I drive by this barn several times a year on my way to the cabin. Every spring I am amazed it withstood another UP winter. If you ever have driven the M28 stretch from Wakefield To Marquette, then you have passed this barn somewhere near Watton.

What kind of maintenance do you think this barn needs? :? Anyhoo, just wanted to share, eh.


----------



## PrivatePilot (Dec 7, 2009)

There's one I pass every now and then while at work that makes that barn look downright serviceable.
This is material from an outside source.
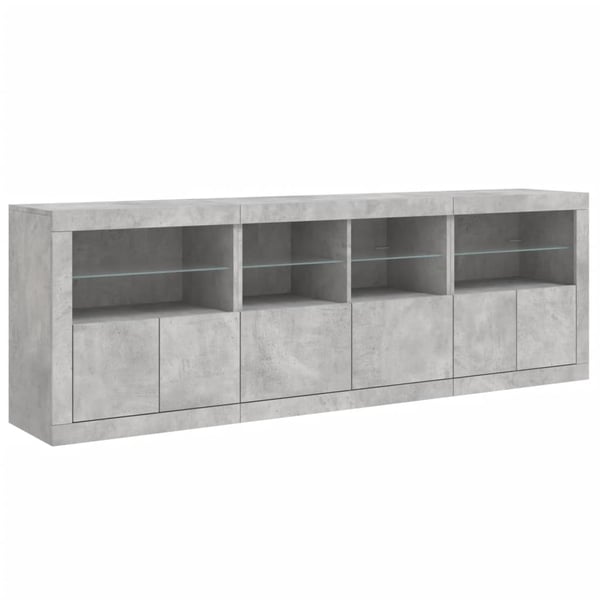 vidaXL Skjenk med LED-lys betonggrå 202x37x67 cm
I think it's actually performing some sort of crime against physics as I can't see now the loft is still standing while everything underneath has seemingly rotted, fallen, or blown away.


----------



## MarchingOn (Nov 3, 2013)

I've seen ones in similar shape that were still being used to house animals.


----------



## EponaLynn (Jul 16, 2013)

danny67 said:


> What kind of maintenance do you think this barn needs? :?
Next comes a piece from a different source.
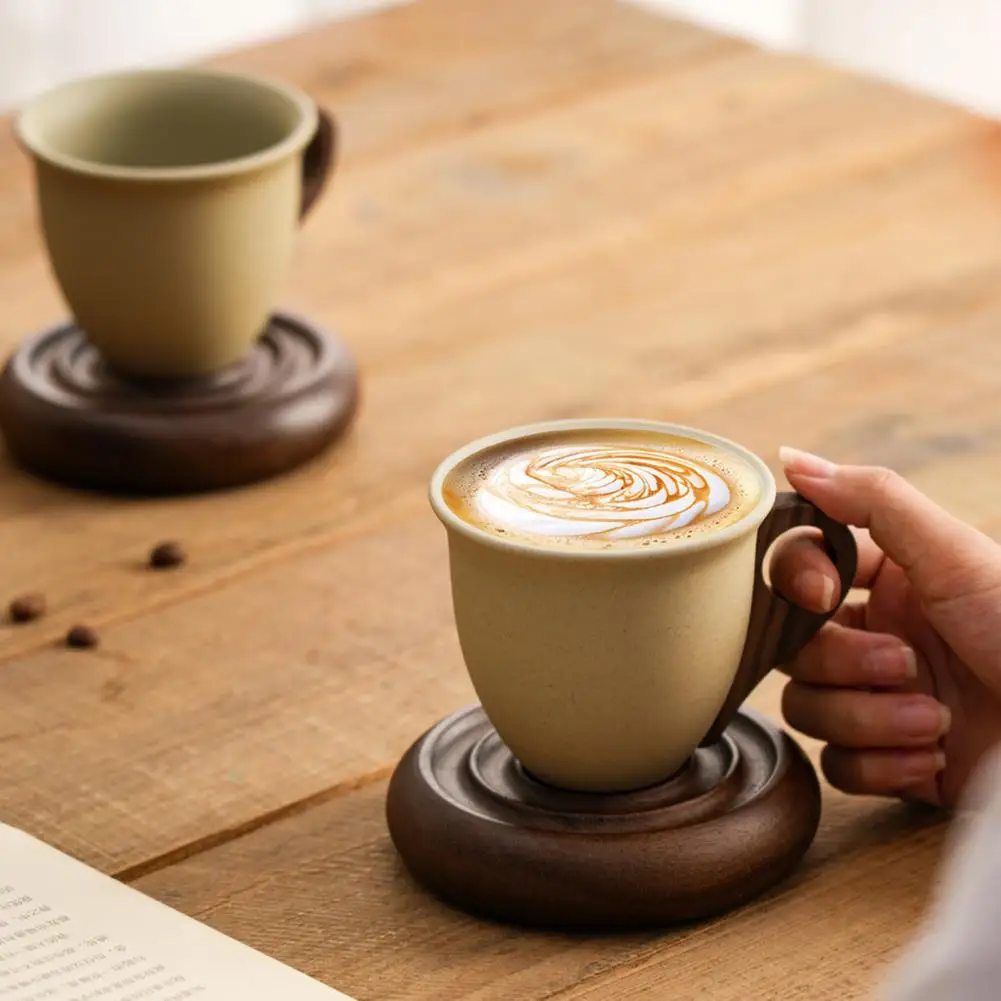 Ergonomic Coffee Cup High Temperature Fired Mug Vintage Cone-shaped Ceramic Coffee Mug with Wooden Handle Base for Home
Probably a bulldozer and start from scratch!


----------



## NorthernHorse (Jan 11, 2013)

Every time I see a old barn or building like that, all I can wonder is what those old boards would say if they could talk. I'm sure that barn has seen plenty of things in its lifetime lol.


----------



## boots (Jan 16, 2012)

Ahhh. I like seeing old farmsteads. Like NorthernHorse, I wonder how all lived and worked there, and what sort of things went on in the buildings. I have a good imagination and have spent a lot of time in ag and with older ag people. I like their stories.


----------



## 40232 (Jan 10, 2013)

I've always heard these barns hold up for _years_. My great grandma still has her barn from her early wed years. They have up kept it though, so I'm sure that helps


----------



## Zexious (Aug 2, 2013)

What a cool looking building. I don't think I would trust it (in its current state) with animals or people... But I'd want to keep it around. Like Northern said--imagine the stories it could tell<3


----------



## ponyboy (Jul 24, 2008)

Somebody should tear that thing down while the wood is still good for something. There's nothing like a floor made of old barn boards. The metal roof is reusable too.


----------



## Northernstar (Jul 23, 2011)

Welcome to the forum! Yes, I've driven that stretch, as the Lake Superior region from Grand Marais to the Keweenaw has been my favorite hiking spot for many years....._ Love_ the old tumble-down barns and remnants of an era when hardy folk had to scratch a living from a sometimes unforgivable land (N MI winter!) and live a life we couldn't even fathom. Thanks for posting, fellow Michigander!


----------



## ForeverSunRider (Jun 27, 2013)

That creepy moment when you know exactly what barn the OP is talking about...


----------



## Saddlebag (Jan 17, 2011)

I bo't a property that had an old log cabin and barn. The cabin's small size amazed me that people raised a family. Unfortunately they were dilapidated and in the way. A backhoe had them down and hauled away within hours which saddened me thinking of all the strong arm labor and time it took to build them. No chain saws then, strictly swede saw and axe, then skid the logs home with a horse. The logs would be peeled then shaped to interlock at the corners.


----------